Gary Thomas is no stranger to all things marriage. Known for his bestselling "sacred" titles, like Sacred Path, Sacred Marriage, and Sacred Parenting, Thomas extends his list to include the search for a marriage partner for singles and those contemplating marriage. Despite the many marriage related books and articles Thomas has written, there is still many glittering insights of his wisdom on marriage. Coupled with his ability to weave together ideas with words, stories with persons, and spiritual wisdom with biblical insights, Thomas has again provided readers with a guide on how to think properly on marriage, especially for singles and those yet to be married. A good beginning may not be absolutely essential in any good marriage, but it sure helps. What I appreciate is the way spirituality is discussed with the basic spiritual disciplines of believers. Like the heart that motivates the actions, the spiritual inspiration ignites the desire to make a marriage work. For me, his biggest gem in this book is a reminder to us that people are not things.
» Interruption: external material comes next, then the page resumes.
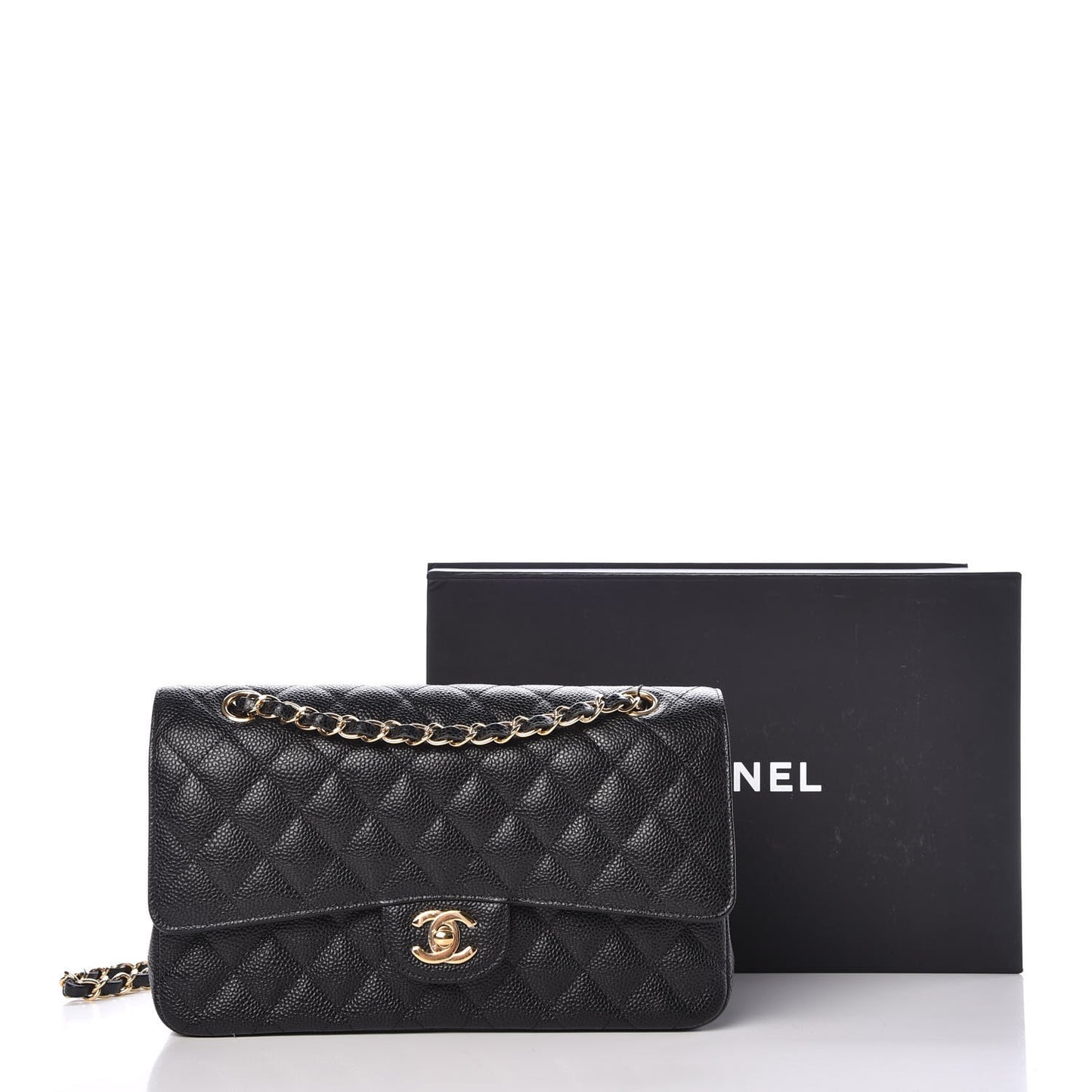 Caviar Quilted Medium Double Flap Black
We can find things like finding a phone to purchase, an idea to implement, a car to own, or a school to attend. Not people. Spouses are not people that we find in order to become perfect matches for us. Instead, a spouse is someone that we make, that we groom, that we encourage to become more like Christ, to seek God's Kingdom and God's Righteousness first. Do not marry because someone has all the aesthetic qualities or exceptional abilities, for they will slow down one day, or their skills will diminish. Neither should we marry someone simply because we show mercy or feel pity for that person, for soon we have to grapple with feeling pity for ourselves. Asking who we should marry is the secondary question. The primary question is "why" do we want to marry, which is a question that is intimately tied to Matthew 6:33. This is the sacred search.

Kudos to Gary Thomas again for an excellent book for singles and for those considering marriage. Pastors, counsellors, teachers, leaders, and even married couples will benefit greatly from reading this book.


Rating: 5 stars of 5.

conrade

This book is provided to me free by David C. Cook Publishers and NetGalley without any obligation for a positive review. All opinions offered above are mine unless otherwise stated or implied.